La guerra de los deberes

El trabajo de los niños es estudiar, instruirse, hacer acopio de conocimientos, prepararse para la vida futura, y su lugar de trabajo, es el colegio. Justo y razonable parece, pues, que cuando concluye su jornada laboral, salgan del taller.  Lamentablemente, en España, esa jornada de aprendizaje se alarga hasta el delirio, privando a los niños de lo mejor de su irrepetible edad: jugar, correr, enredar, idear, relacionarse o no hacer nada sin sentimiento de culpa.

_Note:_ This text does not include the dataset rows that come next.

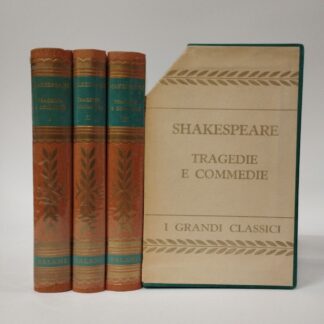 Tragedie e commedie. 3 Volumi. William Shakespeare. Salani, 1963.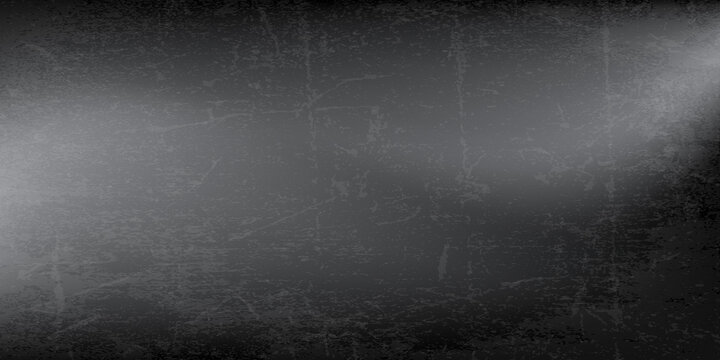 Grunge white color chalk texture on blackboard or chalkboard background with copy space
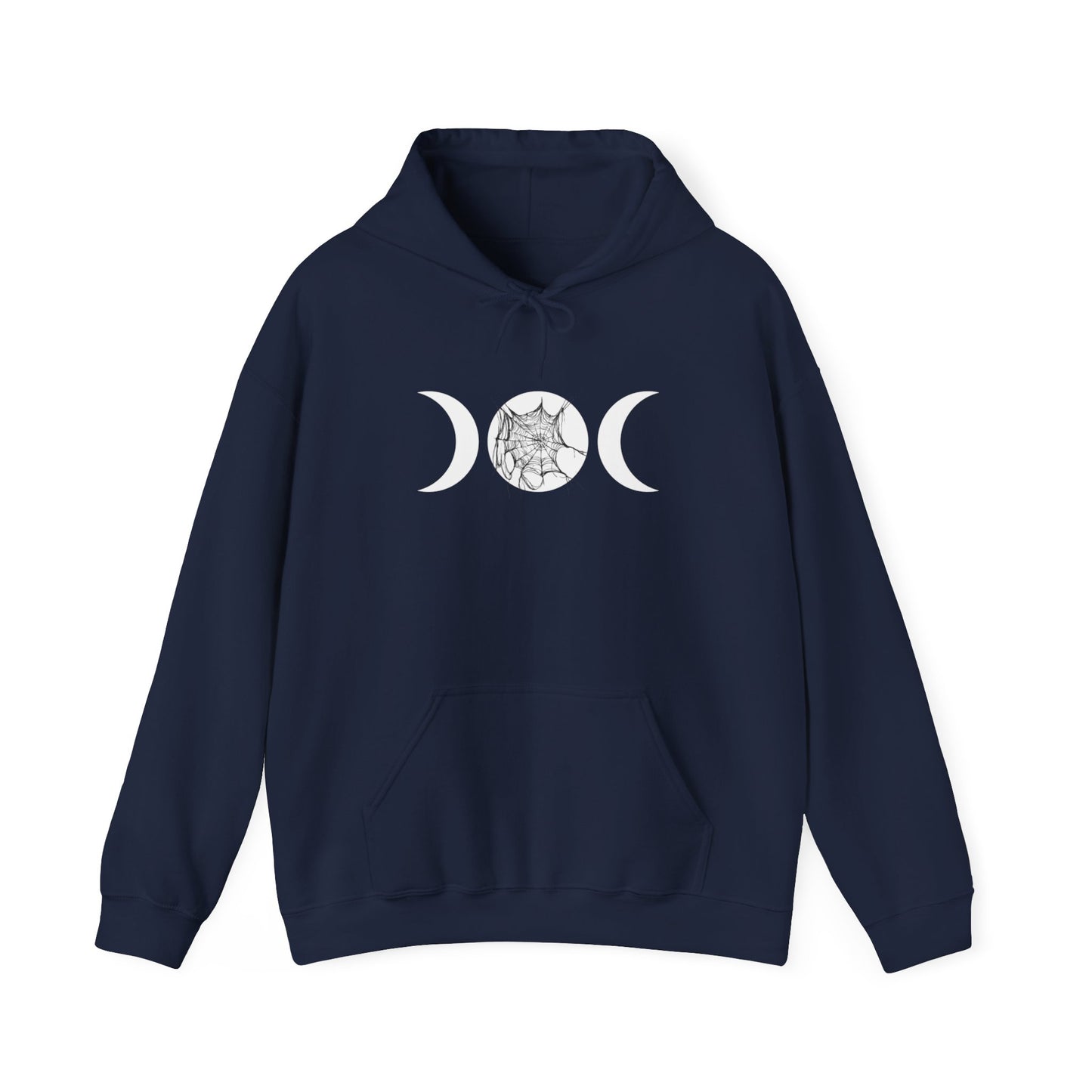 Triple Moon Web Unisex Heavy Blend™ Hooded Sweatshirt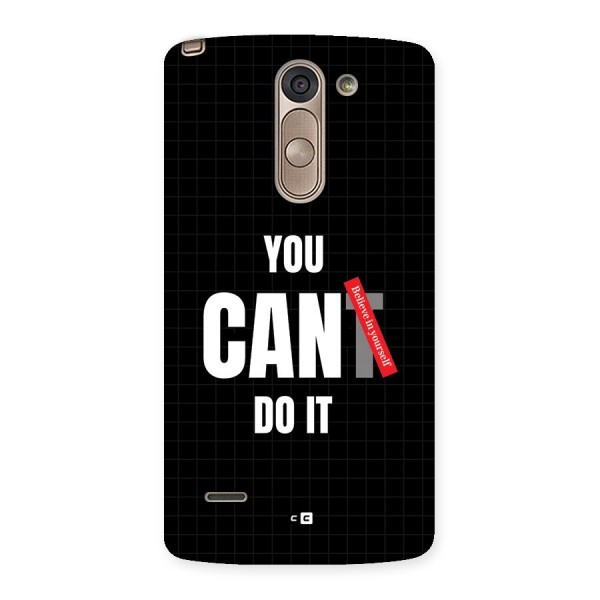 You Can Do It Back Case for LG G3 Stylus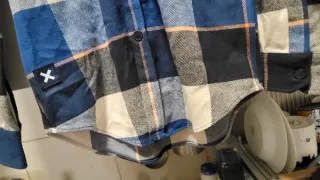 Camisa cuadros algodón Talla XS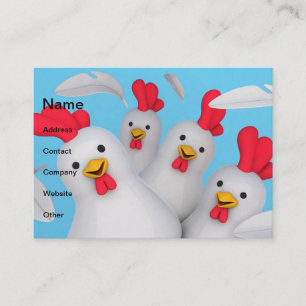 Happy hen clipart business card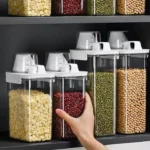 storage containers with measuring cup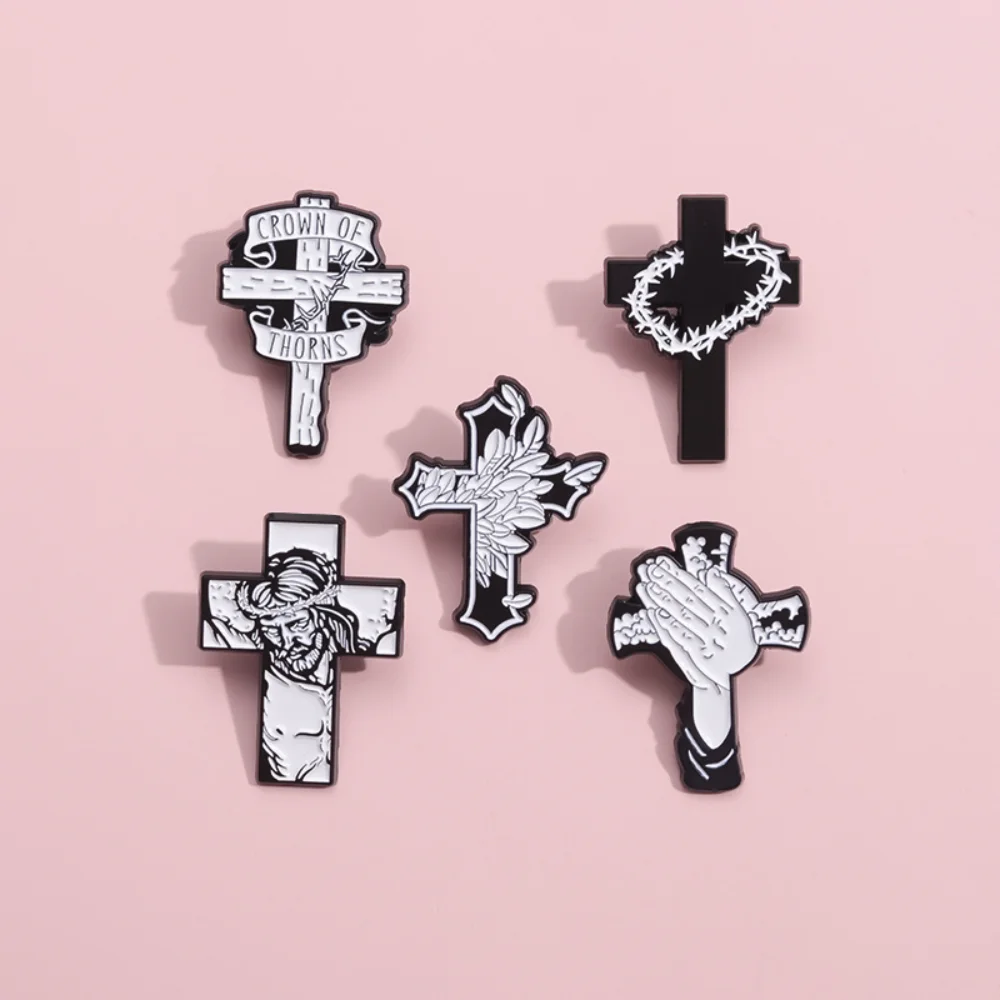 Christian Black and White Brooch Collection 5 Christian Black and White Brooch Collection - Image 5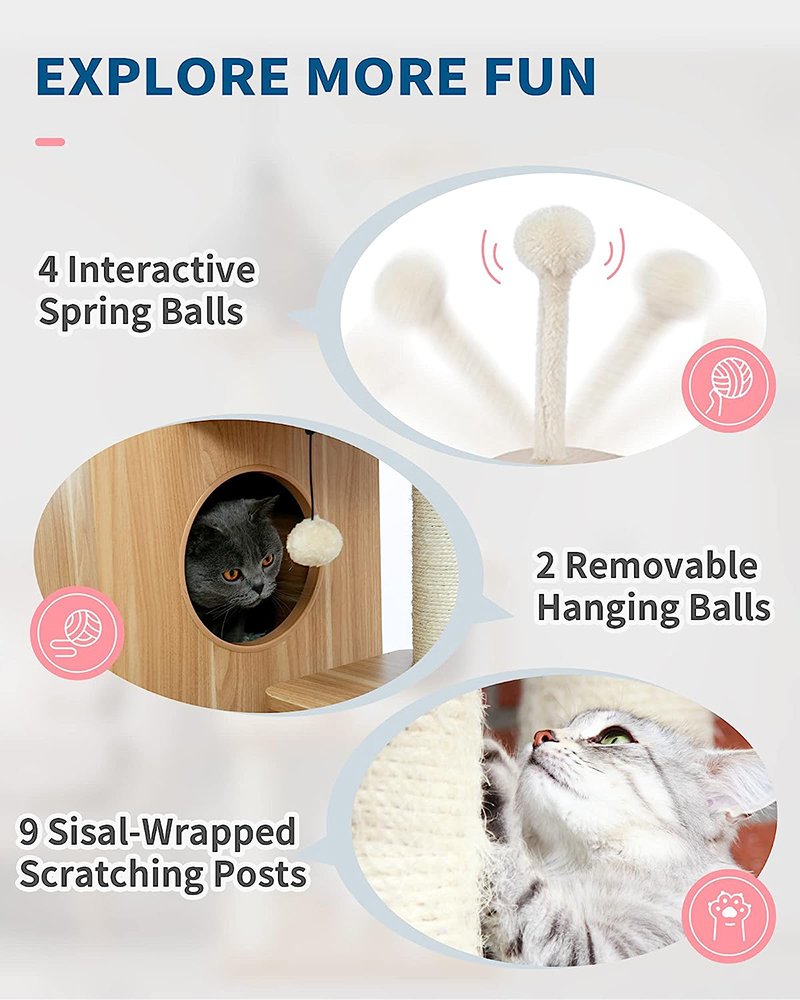 Modern Cat Tree for Large Cat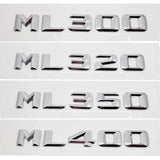 Mercedes Benz ML55 ML63 ML250 ML300 ML320 ML350 ML400 ML430 Car Rear Sticker Emblem Badge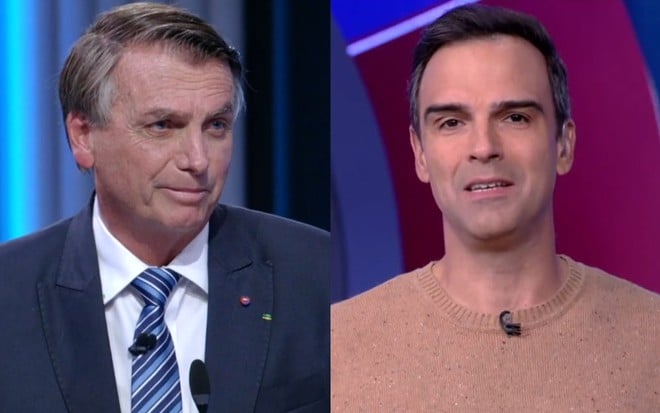 Montagem com Jair Bolsonaro (PL) e Tadeu Schmidt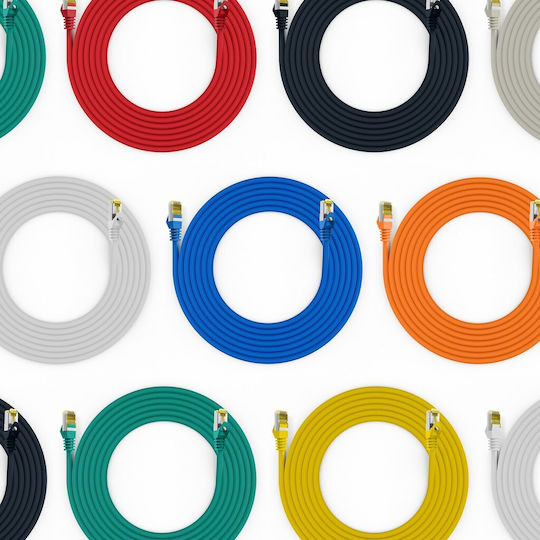 EFB S/FTP Cat.6a (Gigabit) Καλώδιο Δικτύου Ethernet 0.15m Κόκκινο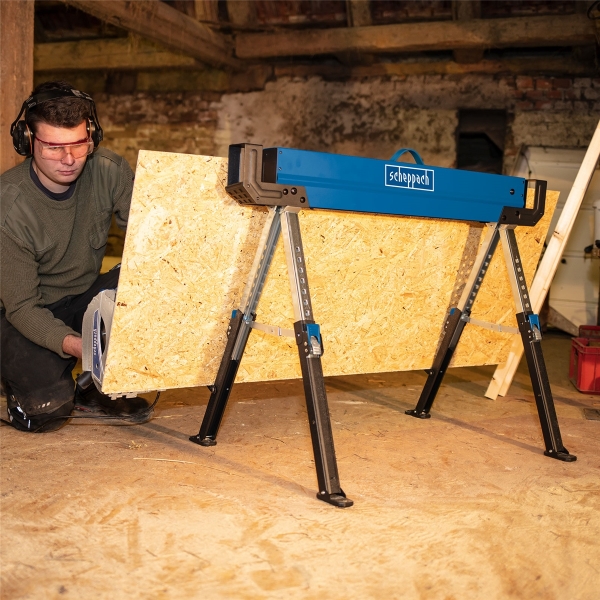 SCHEPPACH MWB600 Sägebock Universalbock Bock Unterstellbock 589kg 2 Stück 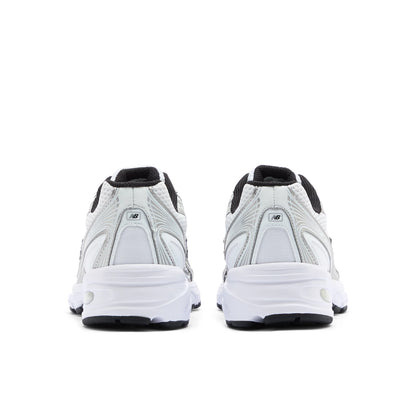 New Balance 740 White With Metallic Silver And Black White With Metallic Silver And Black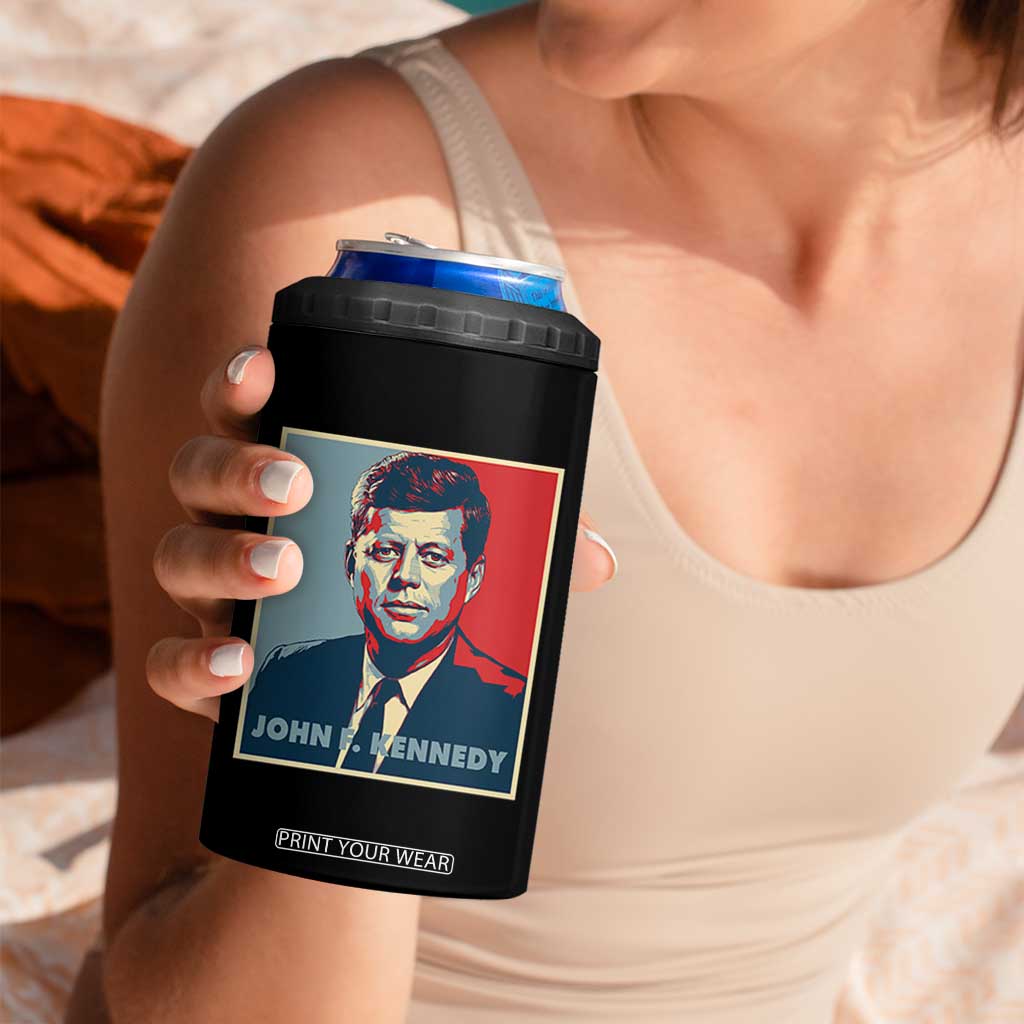 John F Kennedy 4 in 1 Can Cooler Tumbler American President History US Presidential Leader TS14 Print Your Wear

Tarde ha llegado la corriente, tan común en los países civilizados, de poner en solfa el castigo de los deberes en casa. Pero ha llegado. Y la reacción se ha sublevado contra la dicha corriente y ha montado una guerra donde solo debiera haber reflexión y debate. No entiende la reacción que los deberes, esa suerte de horas extras sin remunerar que extienden su territorio hasta la hora de acostarse, son, por lo general, muchos y malos.
La cuestión es esa, que son muchos y malos. Porque una cosa es invitar al niño a indagar sobre lo aprendido en clase, a buscar en la realidad conexiones con lo estudiado, a leer algún tebeo o algún libro relacionado con las materias académicas, o a ver algún documental o alguna película que contenga algún mimbre del cesto del saber, y otra, muy distinta, propinarle páginas y páginas, ejercicios y problemas, para su monda memorización, que es lo que habitualmente se hace. La guerra de los deberes, pues, está servida, y uno, aunque contrario a toda guerra, querría, ya que está aquí, que la ganen los que desean que los niños disfruten plenamente de su infancia, lo que no es incompatible, sino antes al contrario, con su educación.